Education in vaccinology is an important priority to strengthen development, testing and use of vaccines, which remain the most efficient tool for the prevention of infectious diseases both in developed and developing countries. The several courses available worldwide today have a different focus and curricula are tailored to the trainees’ different levels of professional exposure and requirements (1, 2). Overall, they might be classified in two key categories: (i) courses for more junior scientists who, after completion of their biological studies at University, would like to know more about vaccines and vaccinology and might potentially develop a career in this field (postgraduate courses); (ii) courses for experienced scientists who already have a quite good knowledge of vaccinology and are ready to develop a deeper competence to lead vaccine development projects at various levels of responsibility and to actively participate in strategic groups deciding on vaccination policies at national, regional, or international levels (advanced professional courses).

Postgraduate Courses in Vaccinology

Some of the disciplines representing the fundamental scientific background for efficiently working in a vaccine development environment, such as clinical aspects of infectious diseases, microbiology, immunology, epidemiology, biostatistics, and others, are regularly taught in University courses; however, most often these courses do not have a focus on the whole vaccine development process or on the public health context for the introduction of new vaccines and rarely are these disciplines presented with a multidisciplinary and holistic approach (3). In addition, theoretical teaching is not enough, and there is also a need for practice-based training and exposure to vaccine development-orientated activities. This is particularly true for disciplines that are not usually taught in university courses, such as Pharmacovigilance, Regulations, and Ethics in vaccine R&D studies and, particularly, aspects related to animal and human research. In this regard, internships within an experienced project team are an opportunity not only to allow young scientists to learn day-by-day vaccine development work but also to introduce them into the dynamics of a scientific community working together toward a common goal.

Multidisciplinary vaccinology courses are an important priority particularly for scientists from developing countries where vaccines have significantly contributed to the dramatic decrease in the number of deaths, due to infectious diseases, particularly in children below 5 years (4). However, in these countries, almost five million children still die every year and many of these deaths are due to vaccine preventable diseases.
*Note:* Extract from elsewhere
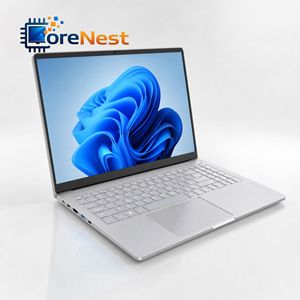 Portátil CoreNest de 15.6 Pulgadas, AMD Ryzen 9 6900HX, 8 Núcleos, 16GB/32GB de RAM DDR5, 1TB SSD, Cuerpo Completamente Metálico, Portátil para Juegos y Negocios - Product Image 3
Therefore, there is a huge need not only for new vaccines against diseases mostly affecting developing countries, for which a vaccine is not yet available, but also for significant efforts and resources to introduce in Africa, Asia, and in general in low- and middle-income countries (LMIC) vaccines that are already available to children of developed nations. Development and introduction of new vaccines in these countries is obviously dependent on availability of locally generated data, particularly the high-quality clinical data needed by regulatory authorities for vaccine registration and by WHO for vaccine pre-qualification. An essential requirement to make this happen is to have a cohort of well-trained scientists from developing countries who have a clear understanding of the whole process behind vaccine development and subsequent vaccine distribution. With these capabilities, local scientists may become active players and efficiently implement the various activities needed for registration of new vaccines and then support post-licensure vaccine introduction in the context of country tailored immunization campaigns. Therefore, vaccinology courses for scientists from developing countries should include classes on epidemiology and clinical development, but also education on public health systems operations, cold chain logistics, and vaccine distribution. Given the challenges associated with such extensive vaccinology training, identification of suitable candidates for the training activities is really key. Participants may have different educational backgrounds and different R&D experience; therefore, well thought selection criteria based on a grading system should be established upfront to make sure that selected candidates can get the most from the training activities.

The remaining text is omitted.